* _EXERCISE DIRECTIONS_
Line by line, the data below should be set down unchanged, with images excluded.

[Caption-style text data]
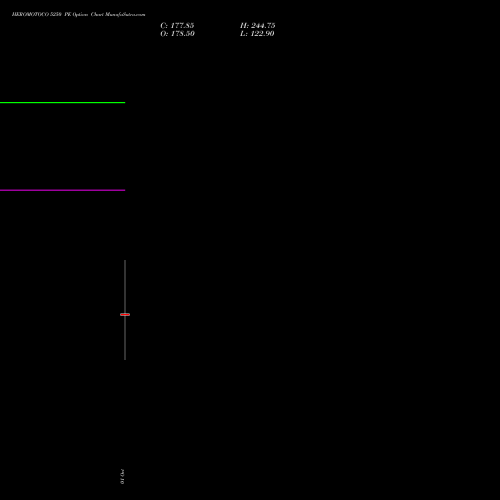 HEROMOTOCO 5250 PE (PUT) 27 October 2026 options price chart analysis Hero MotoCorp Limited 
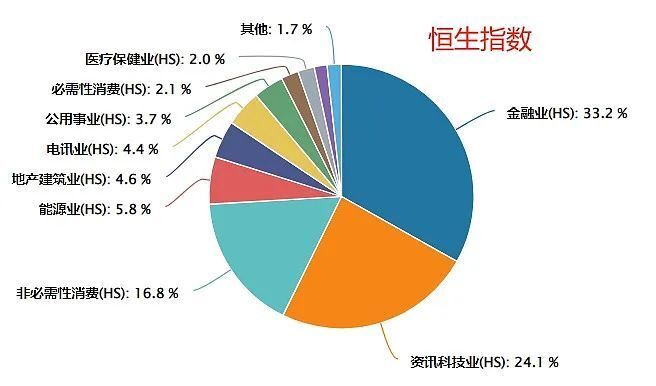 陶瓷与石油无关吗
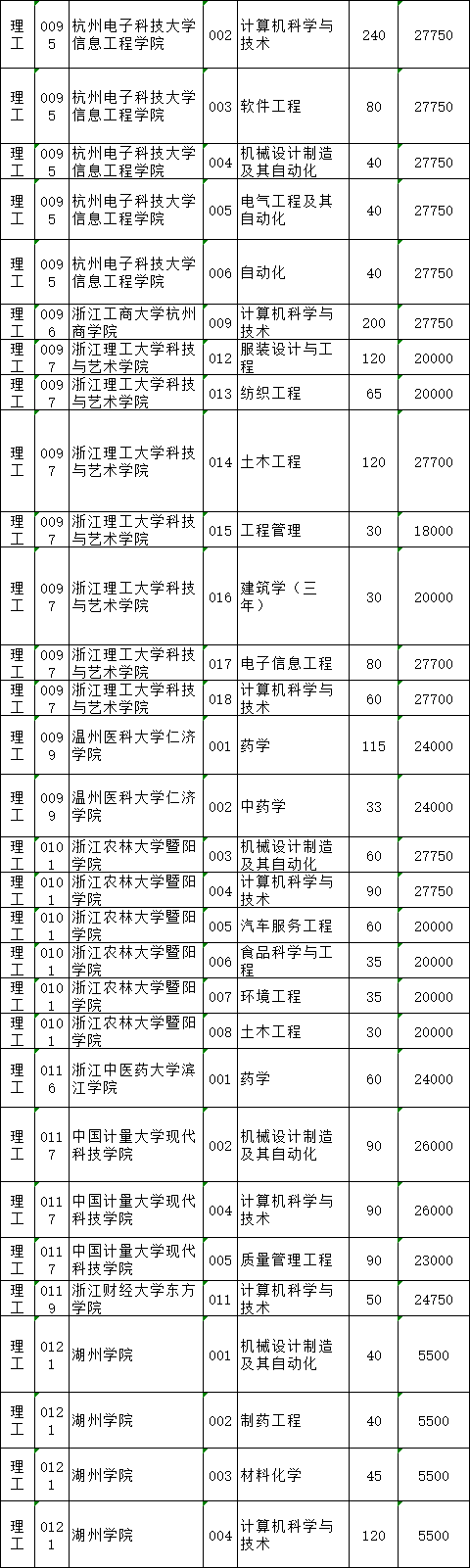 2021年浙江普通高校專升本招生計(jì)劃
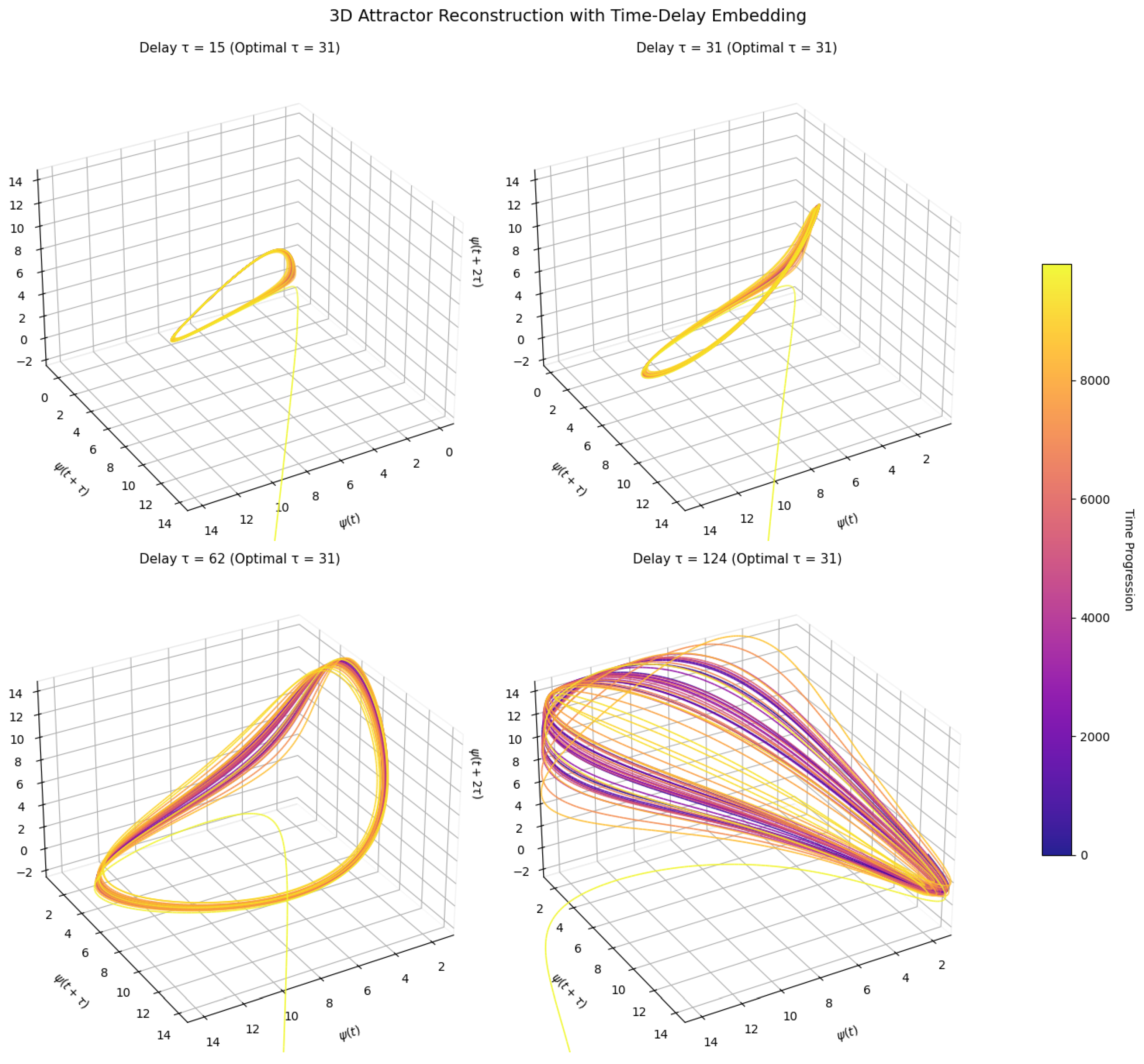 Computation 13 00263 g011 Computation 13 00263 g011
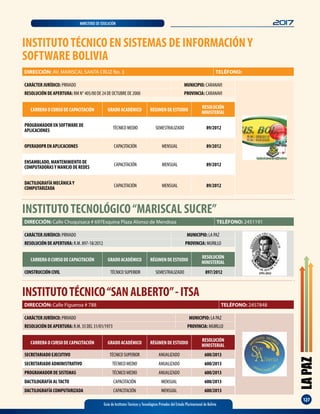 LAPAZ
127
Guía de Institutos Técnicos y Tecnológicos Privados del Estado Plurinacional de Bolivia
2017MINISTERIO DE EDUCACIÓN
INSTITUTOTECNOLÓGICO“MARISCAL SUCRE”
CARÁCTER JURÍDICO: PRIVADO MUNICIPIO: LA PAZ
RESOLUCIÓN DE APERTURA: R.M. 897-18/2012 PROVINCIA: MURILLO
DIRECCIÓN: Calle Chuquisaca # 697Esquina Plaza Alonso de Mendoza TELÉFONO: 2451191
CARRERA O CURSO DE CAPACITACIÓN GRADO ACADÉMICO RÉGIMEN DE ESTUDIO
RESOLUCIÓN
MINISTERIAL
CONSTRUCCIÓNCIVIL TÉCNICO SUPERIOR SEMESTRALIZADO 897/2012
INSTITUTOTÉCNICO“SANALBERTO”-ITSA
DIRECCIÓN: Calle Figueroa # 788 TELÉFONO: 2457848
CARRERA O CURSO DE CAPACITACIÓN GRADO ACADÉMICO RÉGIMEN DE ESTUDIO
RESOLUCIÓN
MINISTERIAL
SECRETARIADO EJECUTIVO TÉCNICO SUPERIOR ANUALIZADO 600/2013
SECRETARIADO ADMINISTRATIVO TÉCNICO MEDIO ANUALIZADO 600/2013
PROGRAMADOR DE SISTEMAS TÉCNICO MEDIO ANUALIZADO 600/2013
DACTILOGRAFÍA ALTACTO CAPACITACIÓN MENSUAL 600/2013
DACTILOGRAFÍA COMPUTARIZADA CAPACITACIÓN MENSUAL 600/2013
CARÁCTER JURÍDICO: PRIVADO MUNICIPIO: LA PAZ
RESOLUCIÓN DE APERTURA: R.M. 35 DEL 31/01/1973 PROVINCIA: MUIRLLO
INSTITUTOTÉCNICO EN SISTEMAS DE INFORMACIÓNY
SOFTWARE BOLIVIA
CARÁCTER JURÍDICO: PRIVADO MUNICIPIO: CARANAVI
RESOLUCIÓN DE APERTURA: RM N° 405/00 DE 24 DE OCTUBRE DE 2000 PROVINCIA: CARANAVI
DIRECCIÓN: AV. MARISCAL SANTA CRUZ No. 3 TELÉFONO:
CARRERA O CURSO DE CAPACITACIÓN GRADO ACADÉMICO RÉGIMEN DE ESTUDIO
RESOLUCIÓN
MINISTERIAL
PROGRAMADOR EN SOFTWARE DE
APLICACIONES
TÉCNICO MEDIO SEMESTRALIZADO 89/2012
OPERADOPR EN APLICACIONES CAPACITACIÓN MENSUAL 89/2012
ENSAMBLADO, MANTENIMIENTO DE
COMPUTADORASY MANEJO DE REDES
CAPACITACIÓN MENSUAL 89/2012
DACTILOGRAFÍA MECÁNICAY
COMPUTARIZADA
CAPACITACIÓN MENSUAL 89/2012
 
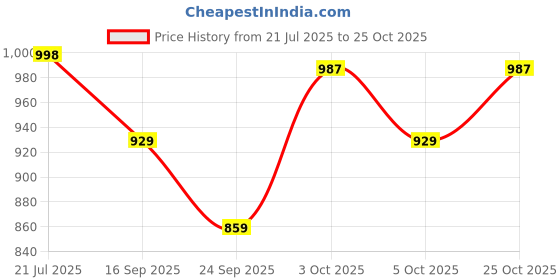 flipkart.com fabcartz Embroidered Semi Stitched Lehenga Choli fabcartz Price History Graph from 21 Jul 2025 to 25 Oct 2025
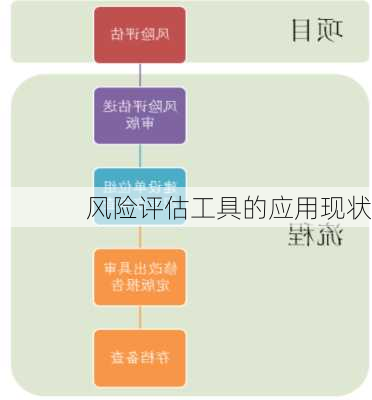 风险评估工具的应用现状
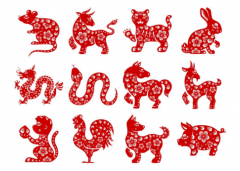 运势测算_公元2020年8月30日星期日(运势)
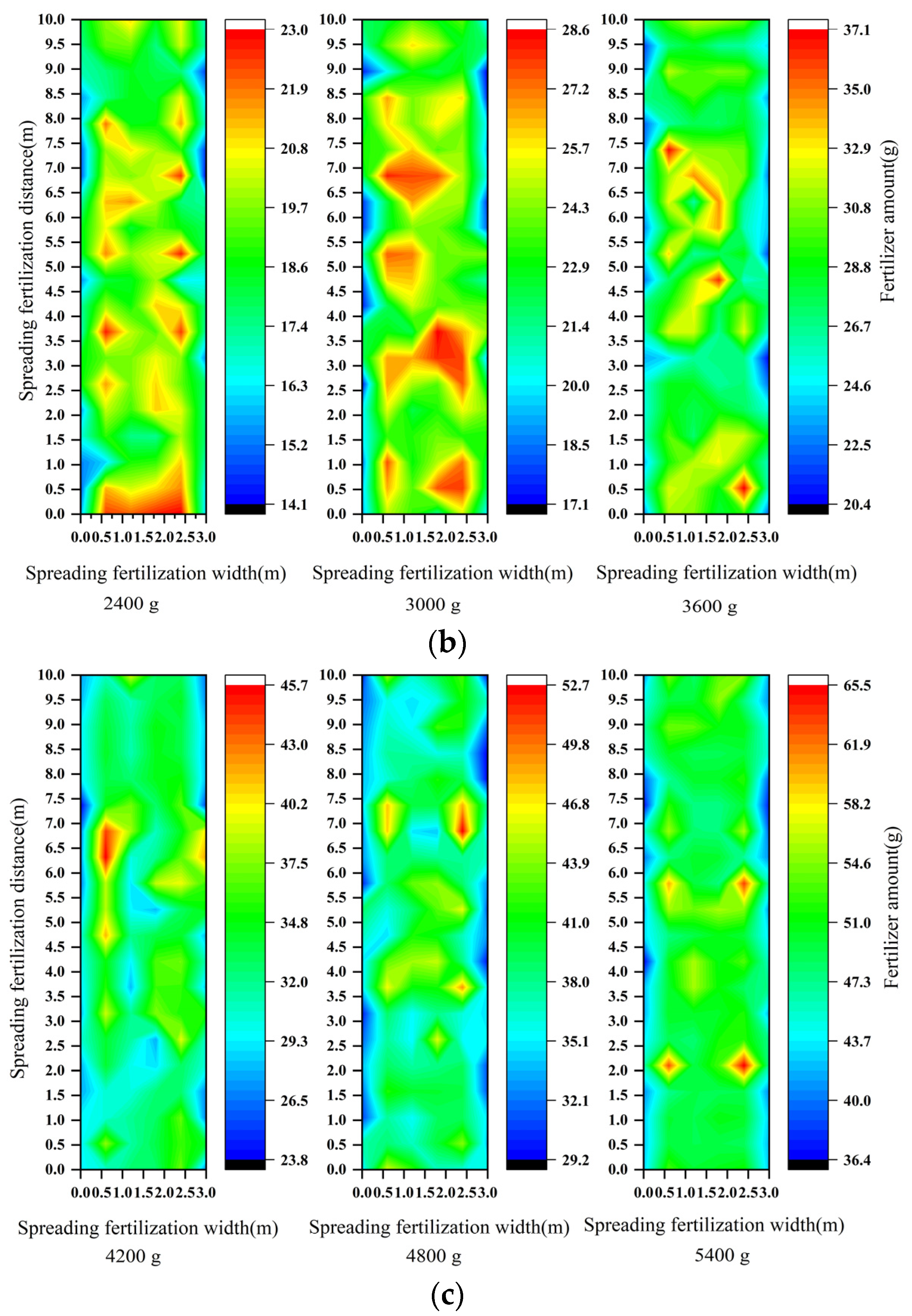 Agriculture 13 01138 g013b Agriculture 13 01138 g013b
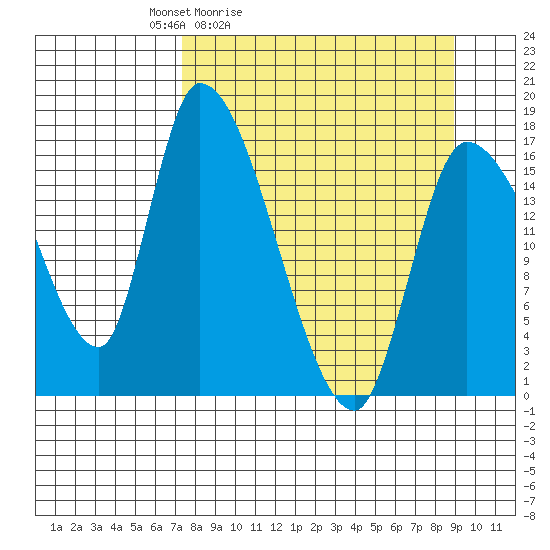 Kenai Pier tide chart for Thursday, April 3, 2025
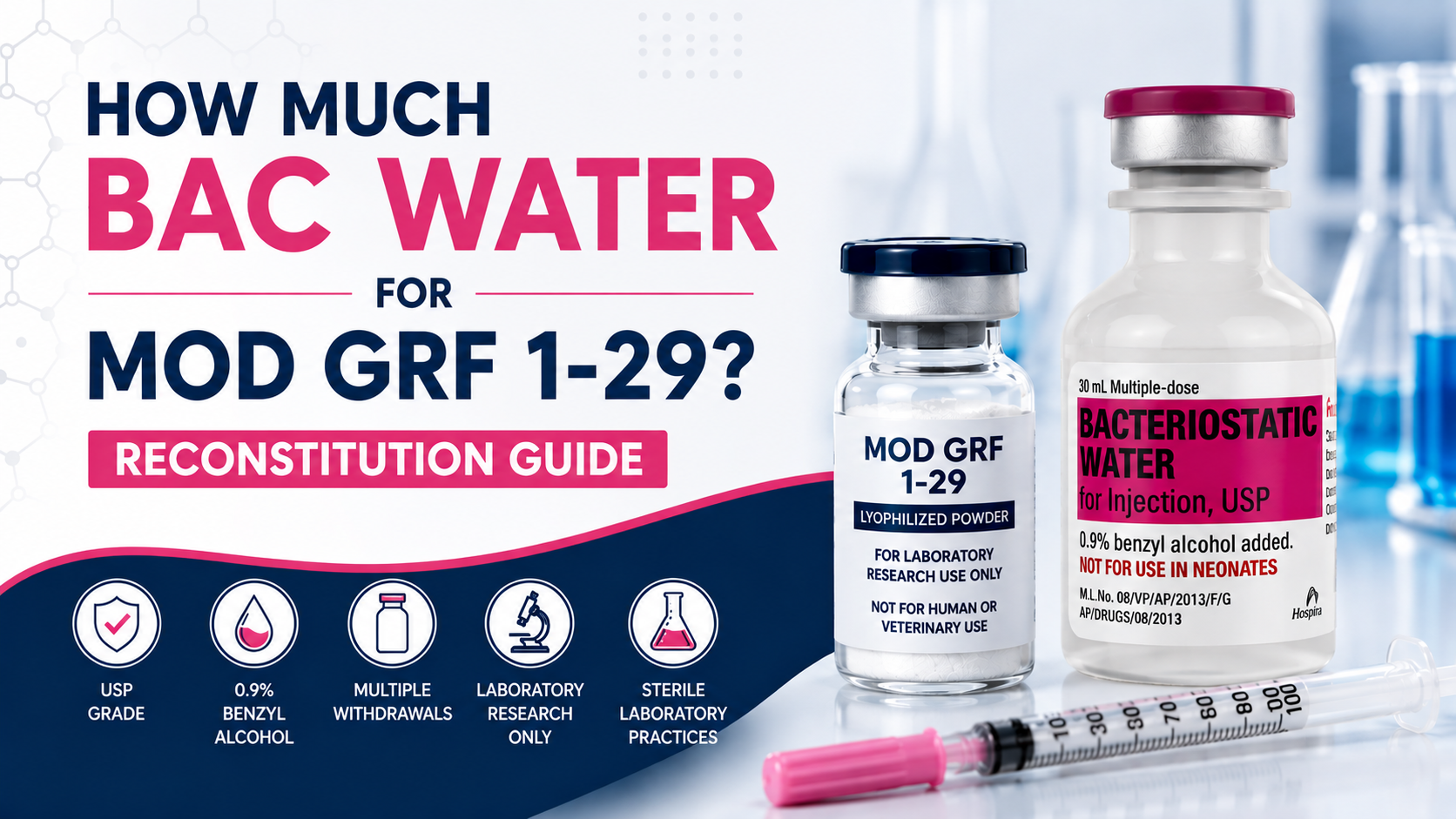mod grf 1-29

* _OUTPUT OF THE TASK_
 HEROMOTOCO 5250 PE (PUT) 27 October 2026 options price chart analysis Hero MotoCorp Limited 
 陶瓷与石油无关吗
 2021年浙江普通高校專升本招生計(jì)劃
 Computation 13 00263 g011 Computation 13 00263 g011
 LAPAZ
127
Guía de Institutos Técnicos y Tecnológicos Privados del Estado Plurinacional de Bolivia
2017MINISTERIO DE EDUCACIÓN
INSTITUTOTECNOLÓGICO“MARISCAL SUCRE”
CARÁCTER JURÍDICO: PRIVADO MUNICIPIO: LA PAZ
RESOLUCIÓN DE APERTURA: R.M. 897-18/2012 PROVINCIA: MURILLO
DIRECCIÓN: Calle Chuquisaca # 697Esquina Plaza Alonso de Mendoza TELÉFONO: 2451191
CARRERA O CURSO DE CAPACITACIÓN GRADO ACADÉMICO RÉGIMEN DE ESTUDIO
RESOLUCIÓN
MINISTERIAL
CONSTRUCCIÓNCIVIL TÉCNICO SUPERIOR SEMESTRALIZADO 897/2012
INSTITUTOTÉCNICO“SANALBERTO”-ITSA
DIRECCIÓN: Calle Figueroa # 788 TELÉFONO: 2457848
CARRERA O CURSO DE CAPACITACIÓN GRADO ACADÉMICO RÉGIMEN DE ESTUDIO
RESOLUCIÓN
MINISTERIAL
SECRETARIADO EJECUTIVO TÉCNICO SUPERIOR ANUALIZADO 600/2013
SECRETARIADO ADMINISTRATIVO TÉCNICO MEDIO ANUALIZADO 600/2013
PROGRAMADOR DE SISTEMAS TÉCNICO MEDIO ANUALIZADO 600/2013
DACTILOGRAFÍA ALTACTO CAPACITACIÓN MENSUAL 600/2013
DACTILOGRAFÍA COMPUTARIZADA CAPACITACIÓN MENSUAL 600/2013
CARÁCTER JURÍDICO: PRIVADO MUNICIPIO: LA PAZ
RESOLUCIÓN DE APERTURA: R.M. 35 DEL 31/01/1973 PROVINCIA: MUIRLLO
INSTITUTOTÉCNICO EN SISTEMAS DE INFORMACIÓNY
SOFTWARE BOLIVIA
CARÁCTER JURÍDICO: PRIVADO MUNICIPIO: CARANAVI
RESOLUCIÓN DE APERTURA: RM N° 405/00 DE 24 DE OCTUBRE DE 2000 PROVINCIA: CARANAVI
DIRECCIÓN: AV. MARISCAL SANTA CRUZ No. 3 TELÉFONO:
CARRERA O CURSO DE CAPACITACIÓN GRADO ACADÉMICO RÉGIMEN DE ESTUDIO
RESOLUCIÓN
MINISTERIAL
PROGRAMADOR EN SOFTWARE DE
APLICACIONES
TÉCNICO MEDIO SEMESTRALIZADO 89/2012
OPERADOPR EN APLICACIONES CAPACITACIÓN MENSUAL 89/2012
ENSAMBLADO, MANTENIMIENTO DE
COMPUTADORASY MANEJO DE REDES
CAPACITACIÓN MENSUAL 89/2012
DACTILOGRAFÍA MECÁNICAY
COMPUTARIZADA
CAPACITACIÓN MENSUAL 89/2012
 
 flipkart.com fabcartz Embroidered Semi Stitched Lehenga Choli fabcartz Price History Graph from 21 Jul 2025 to 25 Oct 2025
 风险评估工具的应用现状
 运势测算_公元2020年8月30日星期日(运势)
 Agriculture 13 01138 g013b Agriculture 13 01138 g013b
 Kenai Pier tide chart for Thursday, April 3, 2025
mod grf 1-29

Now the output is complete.